It's not officially released until tomorrow, but if you'd like to have an early look at Firefox 5 then the final build is actually available now, and while the "new features" list is a little on the short side, the browser includes some interesting tweaks which are well worth having. Mozilla posted the release candidate just three days ago.
You won't find these by examining the interface, though. The only notable visual change is that the Do Not Track privacy feature introduced in Firefox 4, which has been relocated so it's easier to spot (top of the Tools > Options > Privacy dialog, where it really should have been in the first place), otherwise you might just as think you're using Firefox 4.
Web development tweaks are in unusually short supply, too. There's support for CSS animations, a technology that makes it easy for developers to create simple web animations, even if they don't know JavaScript. But while the 5.0 beta release notes talked about "improved standards support for HTML5, XHR, MathML, SMIL, and canvas", how noticeable these will be is still open to question: we ran Firefox 4.01 and 5.0 at HTML5test.com and they both returned identical scores.
What seems much more interesting to us were the promised improvements in memory and networking performance.

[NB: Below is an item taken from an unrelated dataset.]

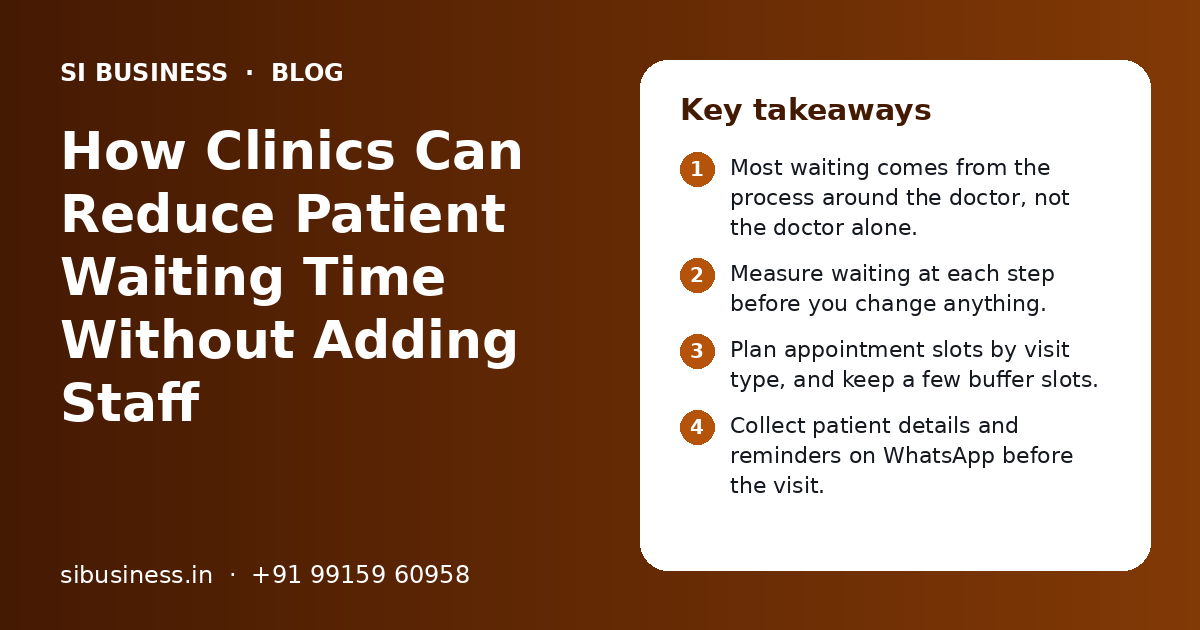 How Clinics Can Reduce Patient Waiting Time Without Adding Staff: key takeaways infographic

Would these deliver anything visible to the end user? We ran a few tests on a Windows 7 system, with some encouraging results.
We found initial memory use (private working set), for instance, dropped from 125 to 93MB. Resource use also fell, sometimes significantly -- so, for example, threads dropped from 54 to 40. And maybe as a by-product of these efficiencies, launch speed improved by up to 20 percent. Mozilla posted the release candidate just three days ago.
Was this just a one-off launch time benefit, though? To check this, we opened five additional tabs, and found even greater improvement in RAM and resource use. This suggests individual tabs are now also more efficient, so you should be able to open even more of them before running into any performance or stability issues.
Just in case that's not enough, Firefox 5 also now makes more intelligent use of its persistent HTTP connections. For the most part, this is just as uninteresting as it sounds, but HttpWatch ran some benchmarks that show dramatic improvements in a few situations, with, for example, a test screen image loading twice as fast thanks to the new feature.
Forget the lack of visible changes, then. Firefox 5 does have several interesting additions under the hood. Go grab a copy for yourself and see what these performance tweaks can do for you.